# INSTRUCTIONS FOR THE TASK:
Begin at the line below that holds "The Department 56" and end at the line that holds "Legends, welcome back.", transcribing each line exactly and skipping any picture.
-------------------------
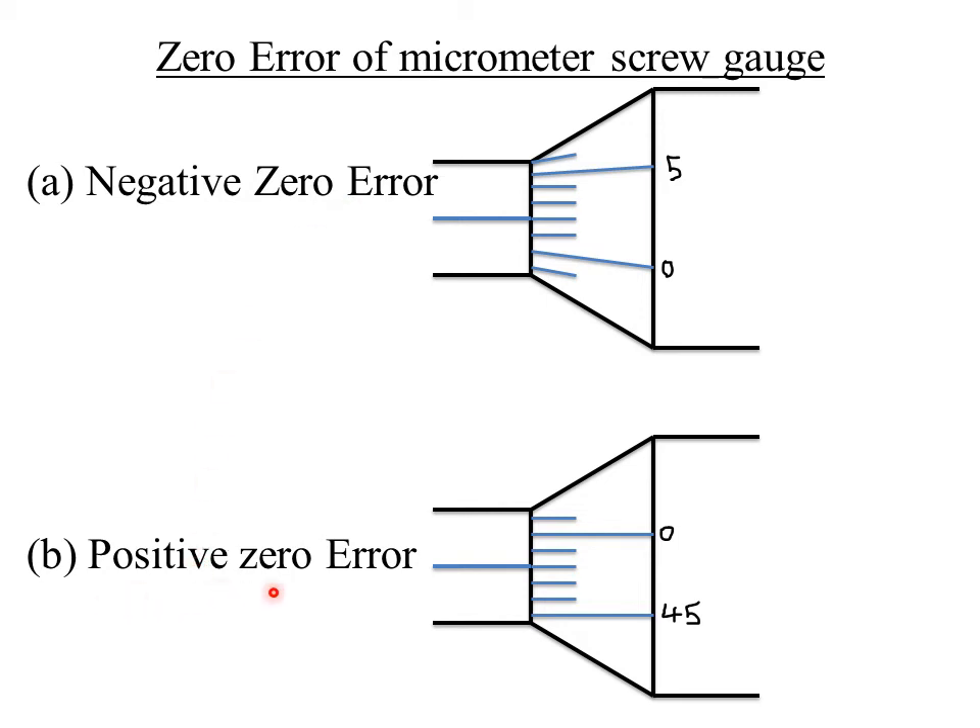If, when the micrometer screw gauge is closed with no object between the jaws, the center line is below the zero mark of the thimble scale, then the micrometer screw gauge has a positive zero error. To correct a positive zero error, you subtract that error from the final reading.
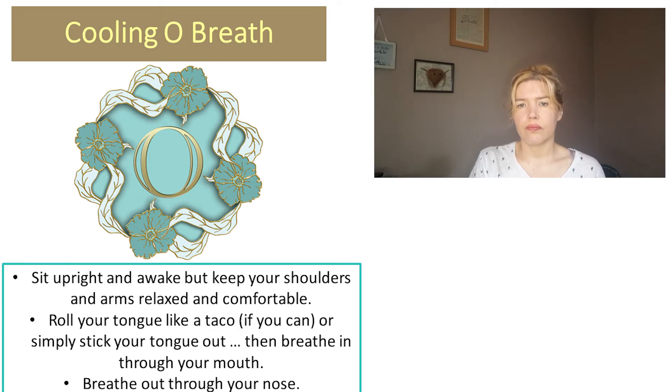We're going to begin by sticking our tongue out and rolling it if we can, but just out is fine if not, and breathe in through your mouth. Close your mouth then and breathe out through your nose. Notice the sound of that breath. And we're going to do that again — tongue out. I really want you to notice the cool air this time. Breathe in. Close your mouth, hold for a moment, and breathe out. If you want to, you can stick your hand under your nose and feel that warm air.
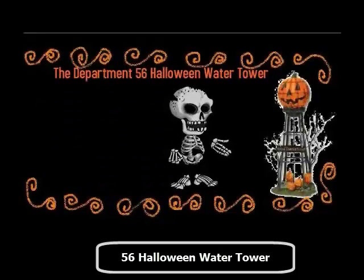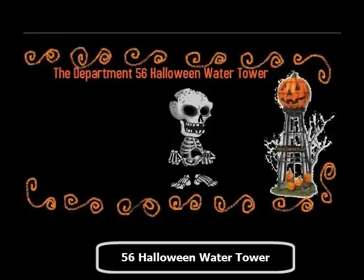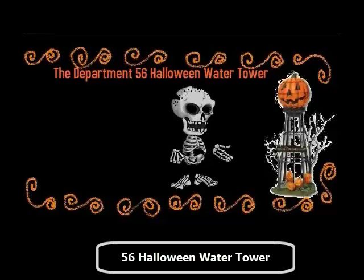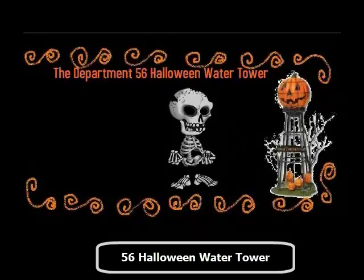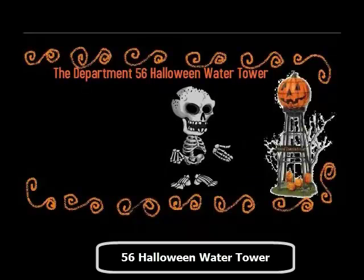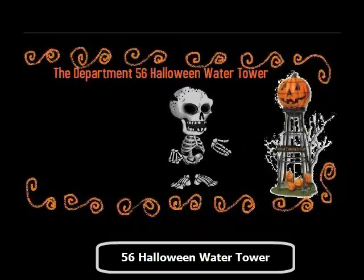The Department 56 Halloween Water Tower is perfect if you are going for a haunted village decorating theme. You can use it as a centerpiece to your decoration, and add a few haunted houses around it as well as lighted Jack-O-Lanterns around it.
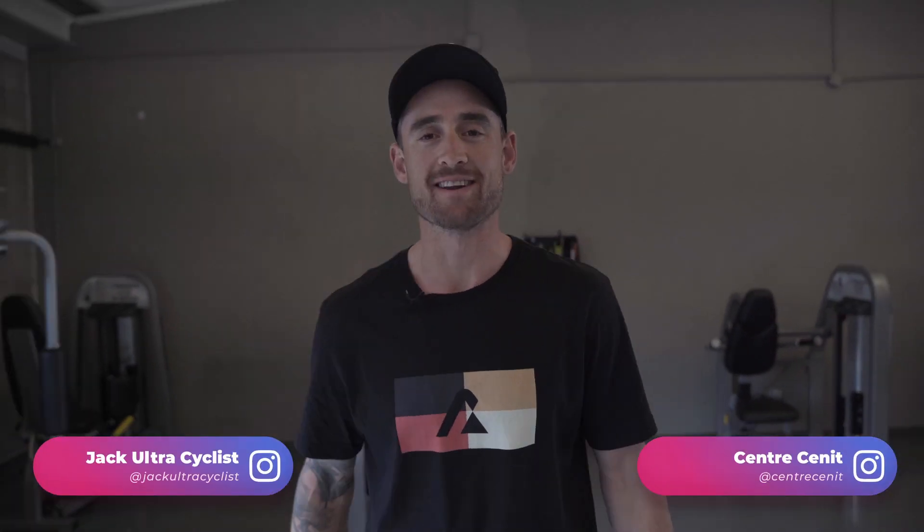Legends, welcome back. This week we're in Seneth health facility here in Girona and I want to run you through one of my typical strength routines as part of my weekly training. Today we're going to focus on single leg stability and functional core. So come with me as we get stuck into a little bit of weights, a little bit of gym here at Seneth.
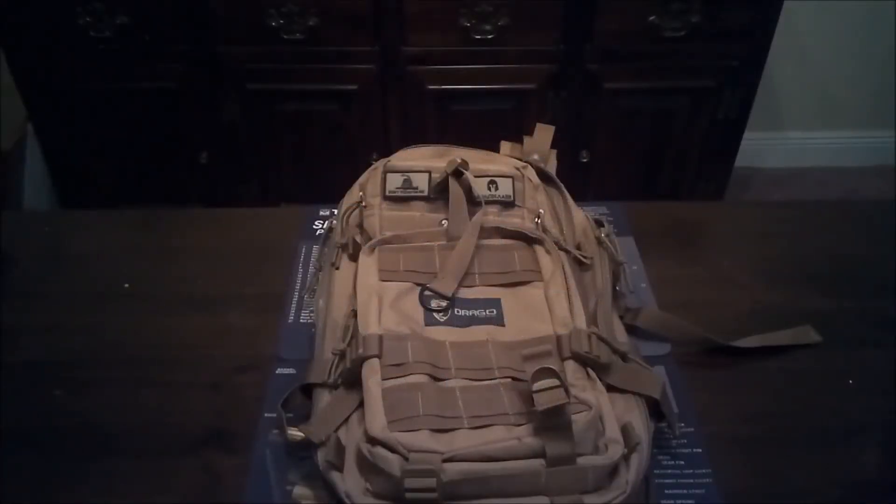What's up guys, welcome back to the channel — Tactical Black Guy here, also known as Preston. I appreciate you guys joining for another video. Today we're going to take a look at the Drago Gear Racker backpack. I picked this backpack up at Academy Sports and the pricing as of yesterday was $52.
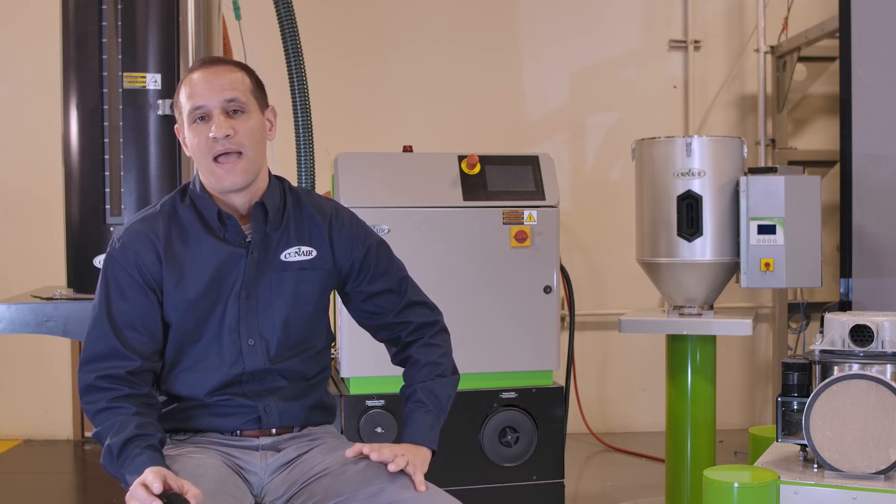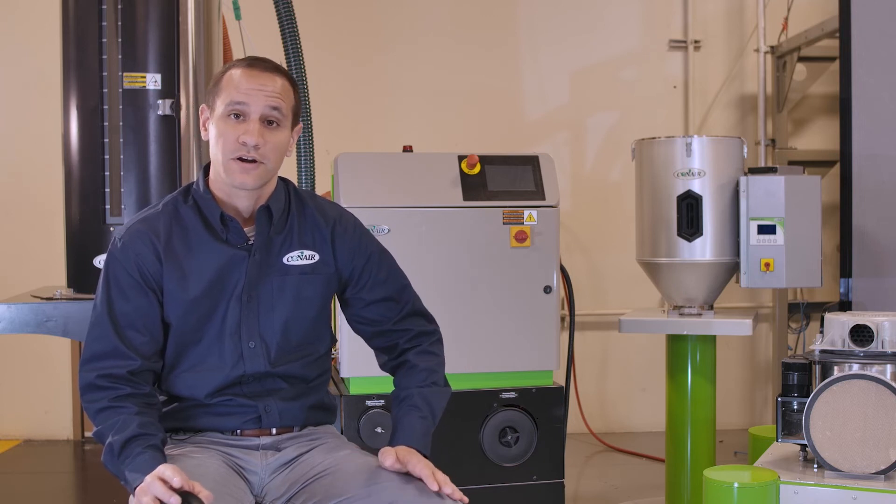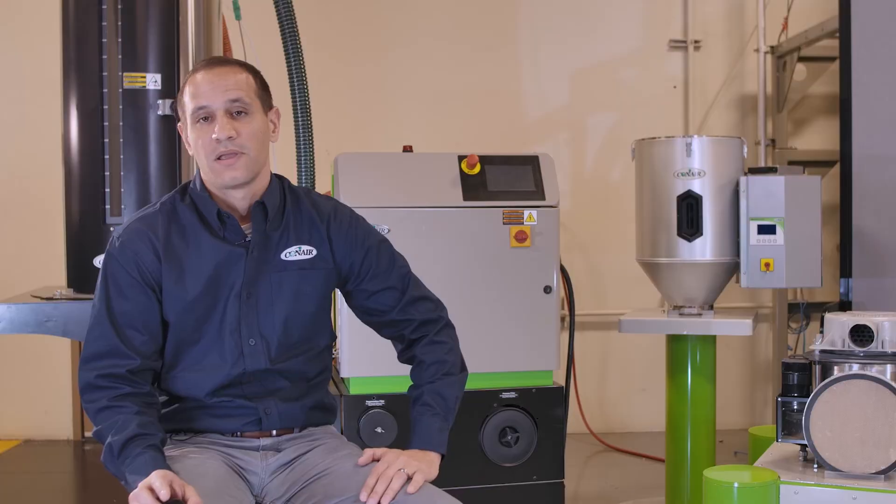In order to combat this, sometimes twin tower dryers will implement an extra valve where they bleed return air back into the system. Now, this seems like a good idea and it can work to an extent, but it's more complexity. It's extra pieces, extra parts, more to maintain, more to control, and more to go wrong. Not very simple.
-------------------------
# SOLUTION TO THIS PROBLEM:
The Department 56 Halloween Water Tower is perfect if you are going for a haunted village decorating theme. You can use it as a centerpiece to your decoration, and add a few haunted houses around it as well as lighted Jack-O-Lanterns around it.
Legends, welcome back. This week we're in Seneth health facility here in Girona and I want to run you through one of my typical strength routines as part of my weekly training. Today we're going to focus on single leg stability and functional core. So come with me as we get stuck into a little bit of weights, a little bit of gym here at Seneth.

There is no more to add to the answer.